Так разбираемое повествование, при всей точности своего символического начертания, ни на миг не перестает быть, по отношению к внешней действительности, неуклонно ей верным, всецело в ней обоснованным, свободным от всех иллюзий, строго реалистическим: признак истинного платонизма.

V

В обожествлении красоты, предшествовавшем ее развенчанию и низложению, обмирщению и использованию, эротическая правда была смешана с неправдою: различая их, мы вскрываем трагическую вину той, которая вознести любимую умела, но от головокружительного падения с высоты не спасла. В чем же права была и в чем прегрешила эта лунатическая мэнада-мужененавистница, — эта поистине жрица и жертва бога исступлений и трагических масок?

Ее правда — в силе все оправдывающей, все побеждающей любви: свою подругу любит она больше себя, своей жизни, своей славы. И другая ее правда — в «беременности» души ее красотою, как говорит Платон: оттого и любит она так свою подругу, что хочет «рождать в красоте». Не напрасно она обещала сделать ее прекрасною. «Мать, богиня, подруга, — с восторгом изумления и благодарности восклицает девушка, — она все знает, и все становится прекрасным мое: значит, это моя красота?..»

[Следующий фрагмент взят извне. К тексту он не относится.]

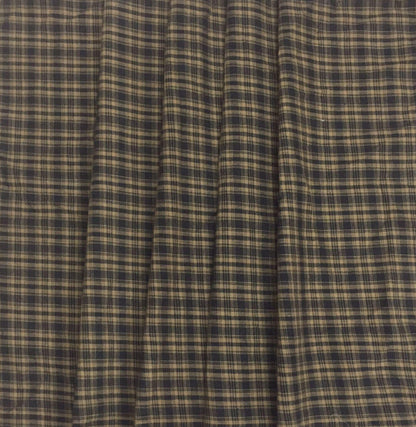 Fabric soft cotton black & tan  plaid home spun Fabric choose your yard in cut collection by HOME HEART Brands (Made in India)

Но цельною должна быть любовь не только по силе чувства, но и по объекту своего устремления на целостную личность любимого. Что же мы слышим? Своим «голосом, неприятным в комнате, не на сцене, глухим и неровным, некрасивым», своим обрывочным, жестким, почти гневным языком, который так свойствен людям страстного напряжения и накала действенной воли и так выдает затаенное ими чувствование внутренних противоречий всякого действия, — она сама кричит СВОЮ вину:

«Я люблю твое тело оттого, что оно прекрасно. Но души твоей не знаю. Не знаю, есть ли душа. И не нужна она мне, потому что прекрасно твое тело… Уж не убить ли мне тебя, чтобы иметь навсегда одной?»

Что в этих словах о «ненужности» души Вера сама провозгласила свою вину, — таково было, во всяком случае, мнение автора повести, основанное на непреложной истине нравственного порядка: нельзя безнаказанно любить в человеке одно тело, а душу забыть. Но вырвавшийся крик все же не окончательная улика: на самом деле отношение Веры к подруге, в которой, по собственному свидетельству последней, все делается прекрасным от творческих прикосновений ее владычицы, — глубже, сложнее и человечнее. Ревниво ловит Вера все доказательства ее тайных помыслов, все высокое и изящное в проявлениях ее внутреннего существа; она изливает перед ней свою душу, всечастно воспитывает ее и ваяет духовно. Приговор автора оправдывается лишь на путях более тонкого анализа этой необычной любви.

VI

По учению Платона, Эрос, присущий благороднейшим душам и составляющий в них принцип духовного возрастания, направляется вначале на прекрасные тела, потом на души прекрасные, наконец — на вечные Прообразы, или Идеи, умопостигаемых сущностей; в единстве которых раскрывается самое Сущее — Идея Идей.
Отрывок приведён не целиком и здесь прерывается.